### PROBLEM STATEMENT
The whole listing below should be retyped exactly, without any images.

### DATA LISTING
-*-*-

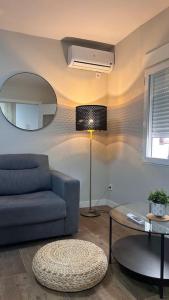 ein Wohnzimmer mit einem blauen Sofa und einem Spiegel in der Unterkunft Meta Habitat Ramon Lujan A in Madrid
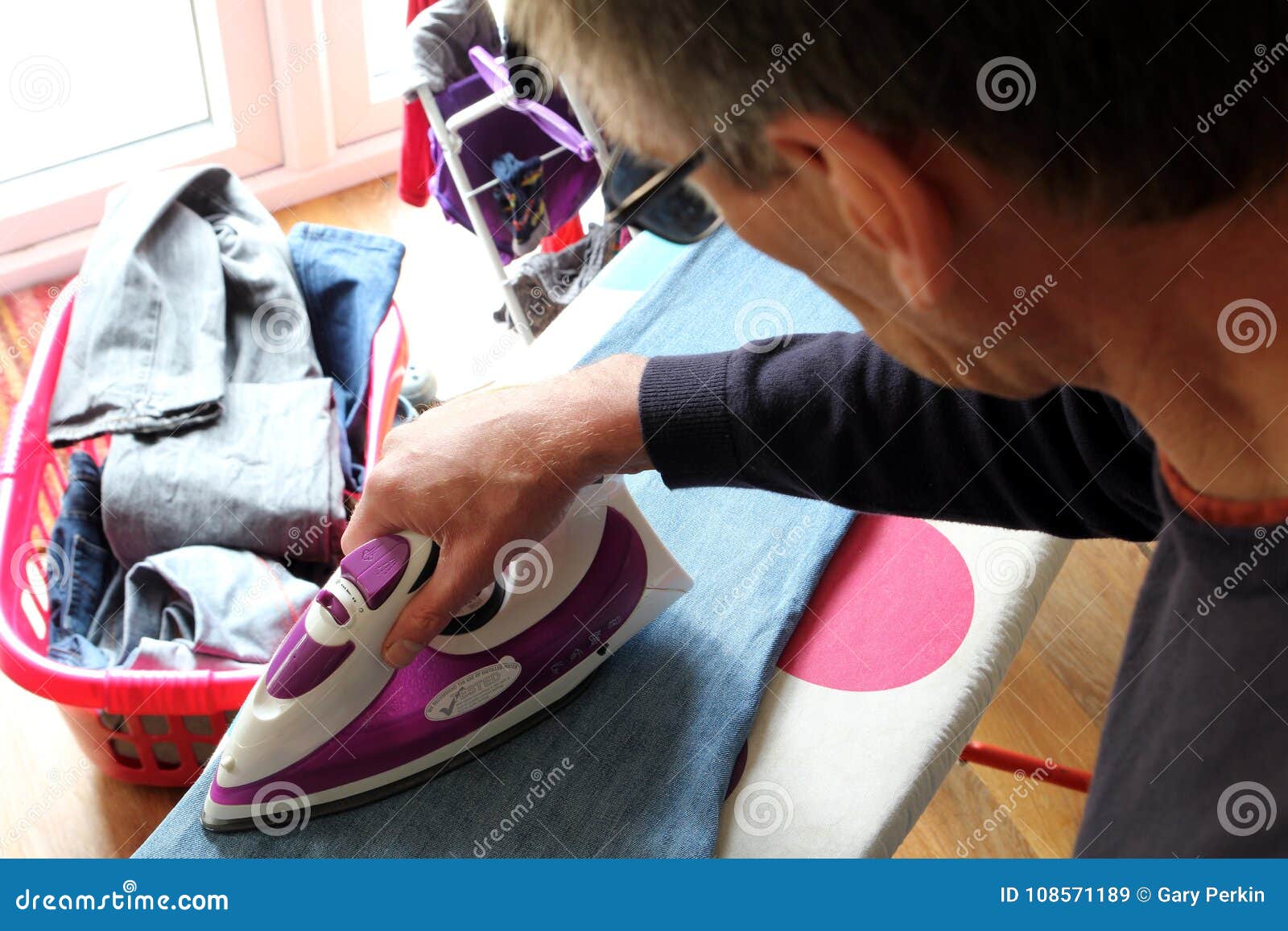 Mature Man with a Lot of Laundry and Ironing To Do Stock Image Image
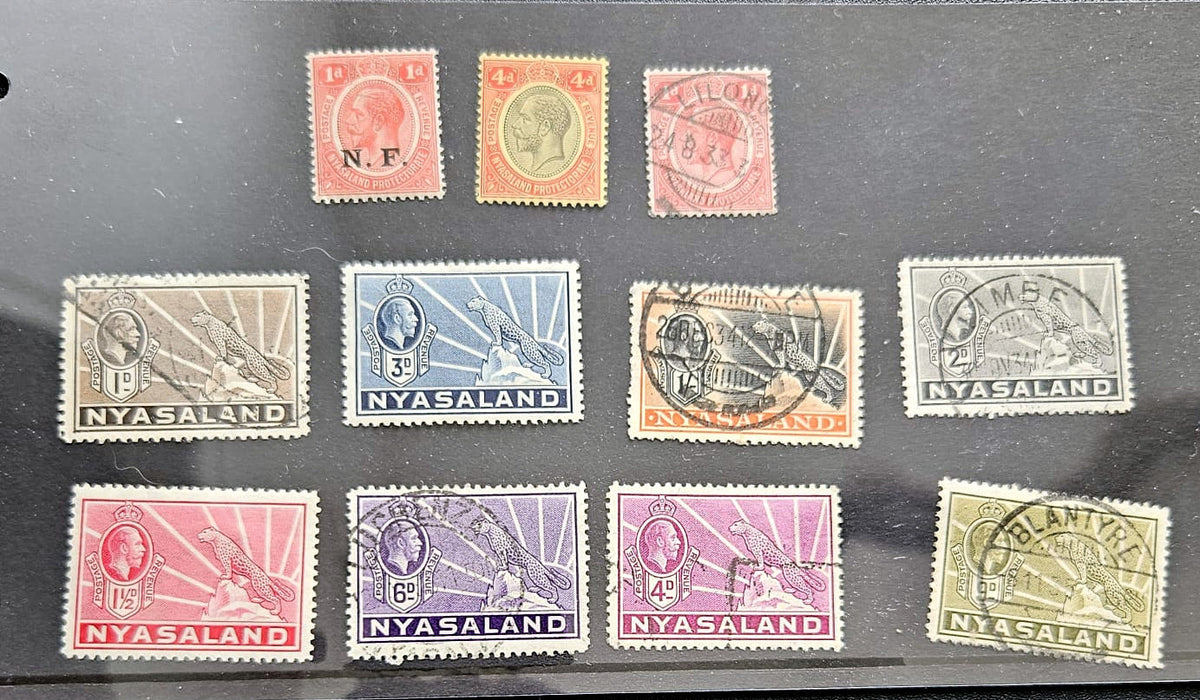 A set of vintage Nyasaland postage stamps arranged on a dark surface. The collection includes stamps in red, orange, pink, blue, gray, brown, purple, and olive-green colors, with some showing postmark cancellations and others featuring the word &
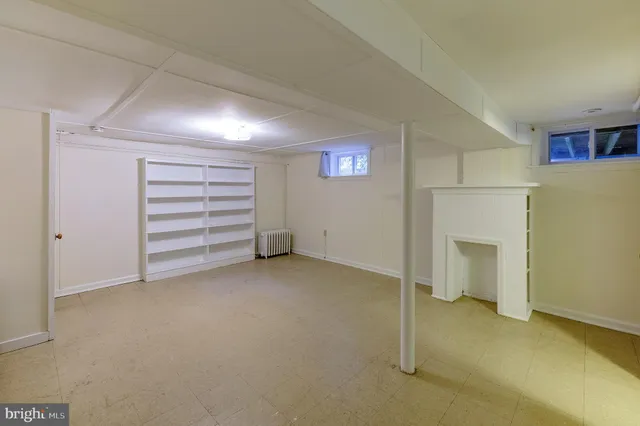 a view of an empty room with a fireplace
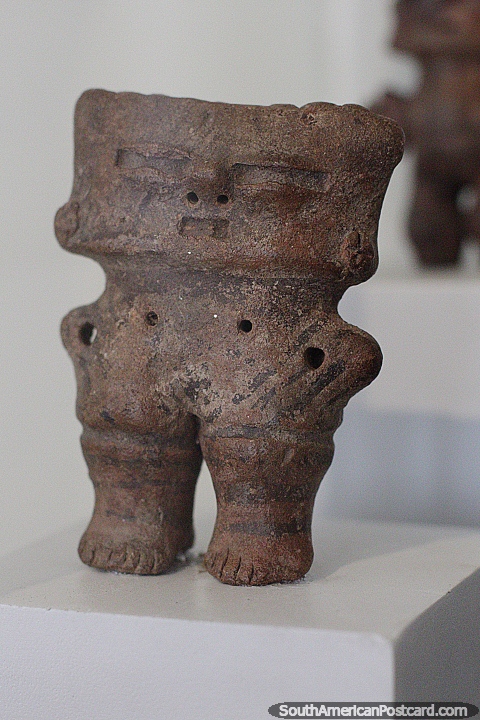 Carlos Dreyer Museum in Puno has a lot of interesting and ancient arts to see, a small granite figure. (480x720px). Peru, South America.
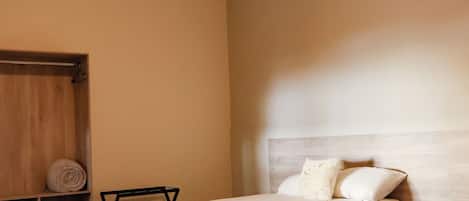 A hotel room with two beds, a wooden headboard, a ceiling light, and an air conditioning unit.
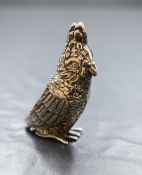 An early 20th century silver novelty pin cushion, modelled as a cockatoo having dark fabric to the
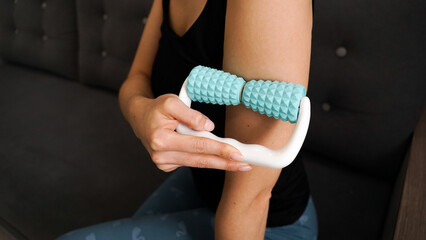 Woman massaging herself with body roller at home. Massage after sports. Health concept
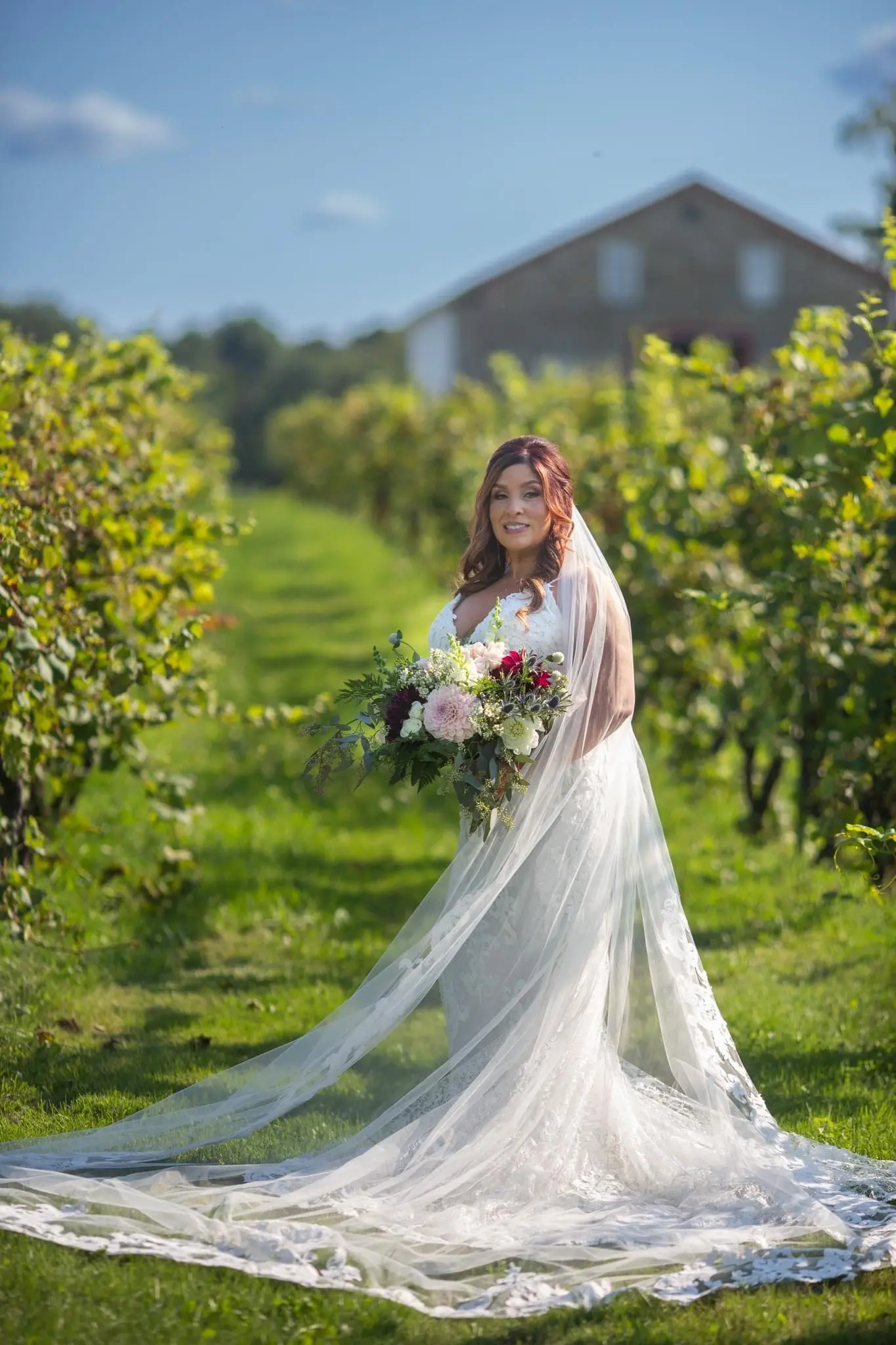 Bride Wearing Sexy Mermaid Wedding Dress Called Tuscany By Maggie Sottero With Long Veil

-*-*-

### ANSWER BOX
 ein Wohnzimmer mit einem blauen Sofa und einem Spiegel in der Unterkunft Meta Habitat Ramon Lujan A in Madrid
 Mature Man with a Lot of Laundry and Ironing To Do Stock Image Image
 A set of vintage Nyasaland postage stamps arranged on a dark surface. The collection includes stamps in red, orange, pink, blue, gray, brown, purple, and olive-green colors, with some showing postmark cancellations and others featuring the word &
 a view of an empty room with a fireplace
 Carlos Dreyer Museum in Puno has a lot of interesting and ancient arts to see, a small granite figure. (480x720px). Peru, South America.
 A hotel room with two beds, a wooden headboard, a ceiling light, and an air conditioning unit.
 An early 20th century silver novelty pin cushion, modelled as a cockatoo having dark fabric to the
 Woman massaging herself with body roller at home. Massage after sports. Health concept
 Bride Wearing Sexy Mermaid Wedding Dress Called Tuscany By Maggie Sottero With Long Veil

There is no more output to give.